# What flashed in Deso 7/15?



## Kris M (Oct 22, 2003)

If anyone has info it would be helpful. Putting on Sunday 7/20
Kris


----------



## hiloper (May 3, 2012)

I called the BLM Price field office this morning, they said several areas received large rainfalls that evening, in particular, the Wrinkle Road and Nine Mile Canyon areas has significant wash-outs, might affect travel south from Sand Wash. The river office folks were out in the field, so might not have any more information until after the weekend.


----------



## restrac2000 (Mar 6, 2008)

Kris M said:


> If anyone has info it would be helpful. Putting on Sunday 7/20
> Kris


I wouldn't worry too much, happens all of the time in Deso. We have seen about 1/3 of the drainages flash from Jack Creek to Rattlesnake. Everyone except Joe Hutch has been minor and added a fun amount of uncertainty. Seeing a horizon line on Trail was weird the day after a big storm but it was fun wave train that only lasted a year. Luckily by the time monsoon hits most of the trees and debris that get blown out of the side canyons get lodged pretty quick on islands, etc. 

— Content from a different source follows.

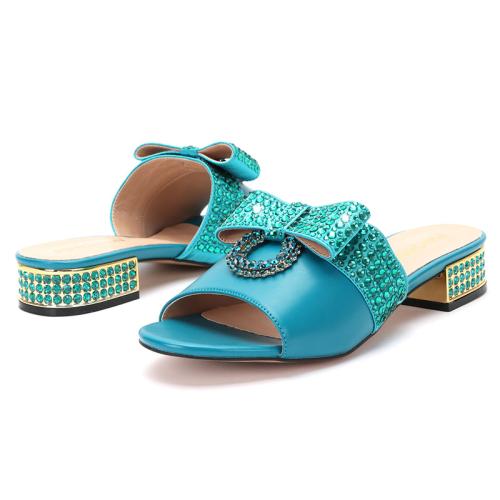 Gummi & PU Leder High Heels Fish Head Sandalen, Bowknot-Muster, mehr Farben zur Auswahl,  Paar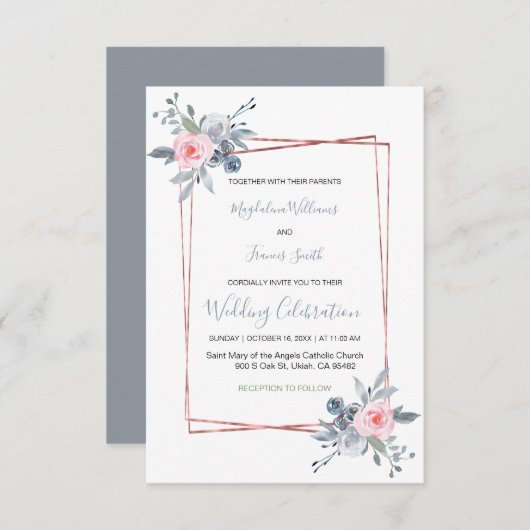 ほこりっぽい青とバラ結婚ピンク 招待状 (正面/裏面)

Will be interesting to see where it hit if anybody was nearby. When I lived in Moab you could predict pretty accurately which canyon blew out by the color of the river. 

Phillip


----------



## wyosam (May 31, 2006)

I think the biggest hazard is the amount of time it is taking to get all the little sticks and stuff out of the floor lacing- what a mess!


----------



## restrac2000 (Mar 6, 2008)

wyosam said:


> Anyone get to see it, or know what canyon it was? We were at our last camp (Nefertiti) last night and water rose a foot + pretty quick, then lots of wood, then super red this morning. Looking at the USGS site, it was about a 1000cfs bump on the Green River gauge.
> 
> Great trip, bugs not bad after our first camp.


Friend just got off the river and said Coal Creek blew out massively: changed gravel bar on left, debris on both side of river, larger mudbank on left and he said the entry and landmarks were noticeably different.

Will be fun to see if the changes survive until October for our next float.

Phillip


----------